With neither a water-feature nor a wind-chime in sight, my apartment is hardly a model of feng shui-informed design. That said, for years I have unwittingly obeyed some of its golden rules: my home is full of plants, my bed is not positioned under a window, my cupboards are clutter-free and, most importantly, I share this Zen palace with a fish - a magnificent, electric blue, long-finned Siamese fighting fish.
But don't let the good looks fool you, for as the name might imply, this fish has an appalling attitude, which I fear is redirecting any good energy straight off the balcony. Gills flare aggressively and fins flap flamenco-style every time I walk past the bowl, not to mention the constant surface-darting and aggressive bubble-blowing.
And though he lives in a beautiful, hand-blown glass bowl, with the usual furnishings of pebbles and plants, said fish lives alone, for he struggles to differentiate between friends and food. The male of the species, I discovered to my dismay, is known for killing and often eating those who invade his territory. How nice.
However, I must perhaps take some responsibility for this creature's bad behaviour. Being unfamiliar with Betta Splendens as I was when the kind gentleman at the garden centre handed me a tub of regular fish food, I presumed that it would do. Not so. For a week, my finned friend devoured the morsels at lightning speed only to promptly spit the flakes back out in disgust. A quick Google search informed me that gourmet food was called for and now the carnivorous feeder feasts on delicious pellets of wheat flour and bloodworms.

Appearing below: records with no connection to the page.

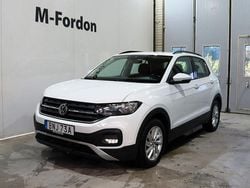 Vit Begagnad 2020 VW T-Cross S SUV | 139 900 kr (Marknadspris)
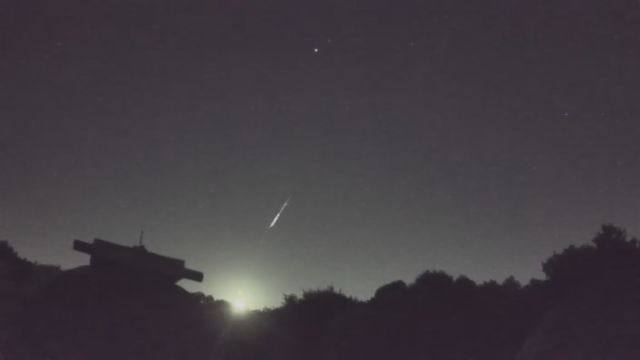 AMS238 meteor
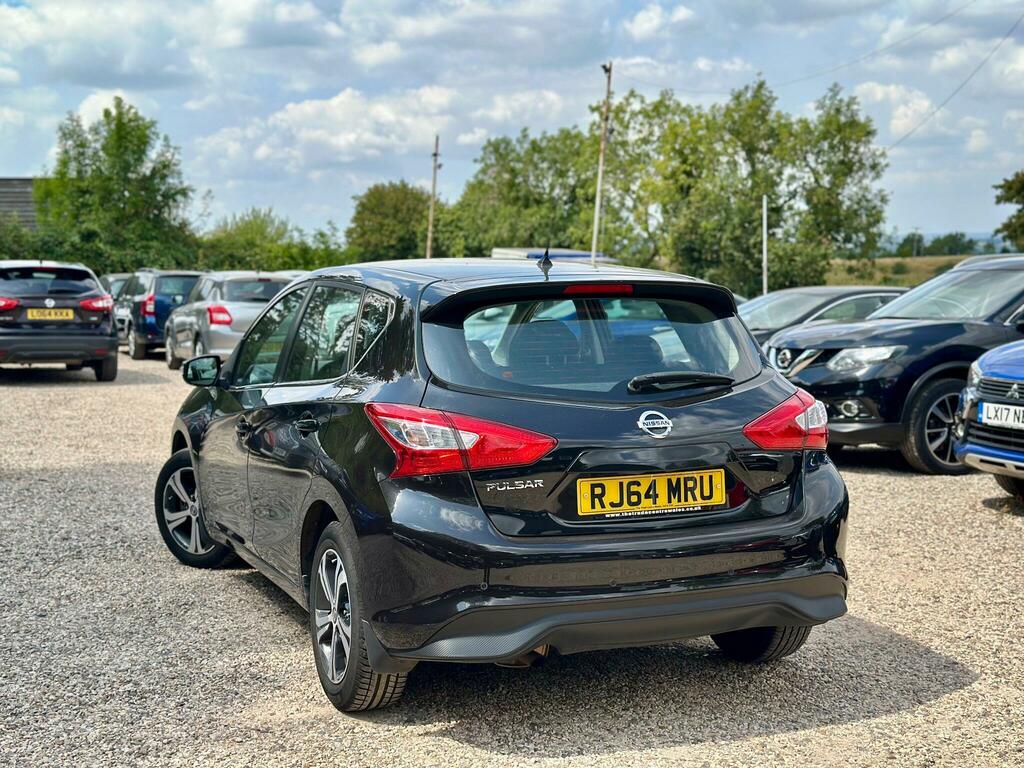 Nissan Pulsar 1.2 Dig-t Acenta Euro 5 Ss Euro 5 Black #6
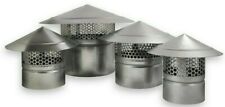 Metal Cowl, Ducting, Chinamans Hat 100-500mm, Pizza oven, Ventilation, Flue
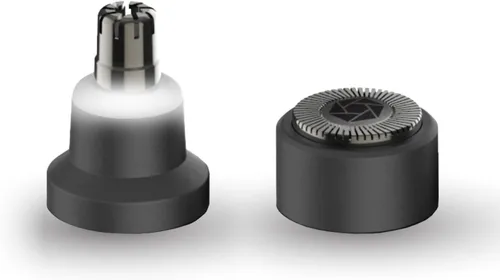 Vista 10 de Microtouch Titanium Edge - Recortador de orejas y nariz con doble cabeza de cuchillas rotativas con luz – Resistente al agua – Apto para viajes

Some might call it justice that these bright red pellets, which are as small as salt granules, often find their way into my coffee and stick like fairy dust to my clothes. I suppose I should count myself lucky that the fish doesn't crave its ancestral diet of mosquito larvae from the rice paddies of Thailand.
Despite his improved diet, this fish was still six centimetres of pure aggression. Another internet search revealed one potential reason why: according to feng shui masters, aquariums will never bring harmony to a home if positioned in the kitchen or the bedroom. By artistically arranging my fish bowl on the edge of a long marbled kitchen counter I had, in fact, channelled the House of Horrors rather than Little House on the Prairie.